Mimosa Echard. Photo: © Camille Vivier

Mimosa Echard, whose work explores permaculture and the relationship between living and non-living materials from a feminist and ecological perspective, has won the Marcel Duchamp Prize, France’s most prestigious art accolade.

Her early work includes A/B (2016), a series of wall-mounted plexiglass display boxes containing botanical and manufactured medicines mixed to create an image akin to an abstract painting. I Still Dream of Orgonon (2021) likewise is one of a series of plastic drinks bottles stuffed full of organic and inorganic matter, including old batteries and beads.
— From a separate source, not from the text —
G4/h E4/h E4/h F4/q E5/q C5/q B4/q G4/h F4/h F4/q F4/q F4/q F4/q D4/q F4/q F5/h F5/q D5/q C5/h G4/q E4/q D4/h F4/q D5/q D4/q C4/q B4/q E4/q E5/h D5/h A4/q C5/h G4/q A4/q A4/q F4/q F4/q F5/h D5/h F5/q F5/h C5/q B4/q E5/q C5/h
For her recent solo show at Palais de Tokyo in Paris she developed a computer game in which visitors could explore the cavities of an organism in a perpetual state of transformation, inspired by the life cycle of the myxomycete, a class of slime mould.

Echard won the €35,000 (£30,450) prize over a shortlist that included Giulia Andreani, Iván Argote and Philippe Decrauzat.

Echard was born in Alès, a region in the south of France with a history of communal living, something she says has long influenced her work. She graduated from the École Nationale Supérieure des Arts Décoratifs, Paris, in 2010 and recent shows include Sporal at the Palais which closed a month ago; Numbs, her first solo exhibition with Galerie Chantal Crousel, Paris, in 2021; LUCA (in collaboration with Michel Blazy) at Dortmunder Kunstverein in 2019; Pulsion Potion, Cell Project Space Gallery, London in 2017; and iDeath at Galerie Samy Abraham, Paris in 2016.